Closed seblabbe closed 9 years ago
Note that the patchbot was not able to build the doc.
Branch pushed to git repo; I updated commit sha1. New commits:
ca84fcf | Trac #18987: Parallel computation of the nb of solutions for tilings |
3d4402b | Trac #18987: Tilings of polyominos modulo 180 degrees rotations |
65f6512 | Trac #18987: Add a transparent gray box to QuantuminoState.show3d |
555f0a9 | Trac #18987: doc + optim in dancing_links |
481d96e | Trac #18987: rename orthogonal_transformation function |
5f66e1d | Trac #18987: Improve explanation of the modpi argument |
d359115 | Trac #18987: Using cosets for when modpi=True |
1e01ba2 | Trac #18987: Change pentaminos to there canonical form |
There was a TESTS::
with text following. Fixed that (and squashed it the the last commit). Also added the prefix Trac #18987:
to all commit messages.
There is one failing doctest on the patchbot that is not failing on my machine...
Branch pushed to git repo; I updated commit sha1. New commits:
2133ecd | Trac #18987: fixing intermittent doctest failure |
Are you sure ncube_isometry_group
is worth a @cached_function
?
In ncube_isometry_group_modpi
why are you building MatrixGroup
?
In
P_coset = set(frozenset((m.matrix() * self).canonical() for m in coset) for coset in L)
return set(next(iter(s)) for s in P_coset)
You are building a lot of images to consider matrix x polyomino
to use just one at the end. Why not
return set((L[0].matrix() * self).canonical() for coset in L)
And if you were not using matrix groups you can even do
return set((L[0] * self).canonical() for coset in L)
You are using L
instead of coset
I think. Can you edit your previous comment to make sure I understand what you mean?
Replying to @videlec:
Are you sure
ncube_isometry_group
is worth a@cached_function
?
Calling this function takes 2.8s on my machine. And it is called once for each polyomino. That is 16 times for the Quantumino puzzle. With the cache, I gain about 40s to construct the rows to give to the dlx solver.
In
ncube_isometry_group_modpi
why are you buildingMatrixGroup
?
Because otherwise, this
G = ncube_isometry_group(n, orientation_preserving)
H = [h for h in G if all(i==j for (i,j) in h.nonzero_positions())]
left_cosets = set(tuple(sorted(h*g for h in H)) for g in G)

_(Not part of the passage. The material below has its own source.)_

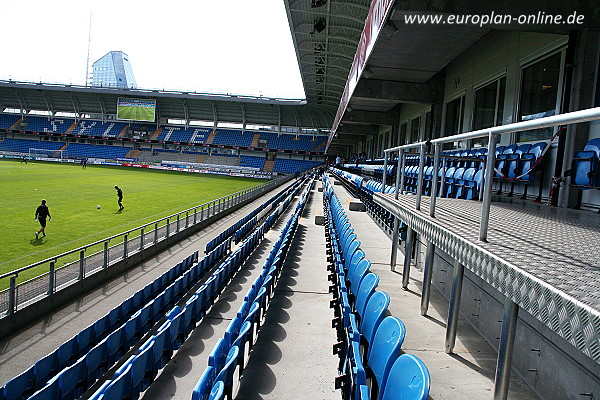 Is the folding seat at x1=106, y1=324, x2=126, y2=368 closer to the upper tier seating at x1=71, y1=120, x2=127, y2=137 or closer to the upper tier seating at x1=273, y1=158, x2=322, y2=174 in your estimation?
the upper tier seating at x1=273, y1=158, x2=322, y2=174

throws a TypeError: mutable matrices are unhashable
and I find it more fun to read like this instead of the .set_immutable()
on every matrices.
You are building a lot of images to consider
matrix x polyomino
to use just one at the end. Why not
I know but I need all of them. That is what I understood yesterday. Let me try to explain. In general it is okay to take only one matrix in the coset. The problem comes when the polyomino is invariant under some of the 24 orientation preserving isometries of the cube. For example, consider:
sage: from sage.games.quantumino import pentaminos
sage: from sage.combinat.tiling import ncube_isometry_group
sage: p = pentaminos[7]
sage: m = ncube_isometry_group(3)[-3]
sage: p
Polyomino: [(0, 0, 0), (0, 1, 0), (0, 2, 0), (0, 2, 1), (1, 0, 0)], Color: orange
sage: m
[ 0 0 1]
[ 0 -1 0]
[ 1 0 0]
sage: (m*p).canonical() == p
True
The polyomino p
has 12 distinct rotation images instead of 24. And among the 12 ways of placing that polyomino into a box, there are 3 distinct ways up to rotation of the box keeping the box invariant. To compute this, we need to consider the whole coset:
sage: cosets = ncube_isometry_group_modpi(3)
sage: P_coset = set(frozenset((m.matrix() * p).canonical() for m in coset) for coset in cosets)
sage: len(P_coset)
3
sage: len(set(next(iter(s)) for s in P_coset))
3
Otherwise, you obtain too many polyominos (see below).
sage: set((coset[0].matrix() * p).canonical() for coset in cosets)
{Polyomino: [(0, 0, 1), (1, 0, 1), (1, 1, 1), (1, 2, 0), (1, 2, 1)], Color: orange,
Polyomino: [(0, 1, 2), (1, 0, 0), (1, 1, 0), (1, 1, 1), (1, 1, 2)], Color: orange,
Polyomino: [(0, 0, 0), (0, 1, 0), (1, 1, 0), (2, 1, 0), (2, 1, 1)], Color: orange,
Polyomino: [(0, 1, 0), (0, 1, 1), (1, 1, 1), (2, 0, 1), (2, 1, 1)], Color: orange,
Polyomino: [(0, 2, 0), (1, 0, 0), (1, 0, 1), (1, 1, 0), (1, 2, 0)], Color: orange}
Replying to @seblabbe:
Replying to @videlec:
Are you sure
ncube_isometry_group
is worth a@cached_function
?Calling this function takes 2.8s on my machine. And it is called once for each polyomino. That is 16 times for the Quantumino puzzle. With the cache, I gain about 40s to construct the rows to give to the dlx solver.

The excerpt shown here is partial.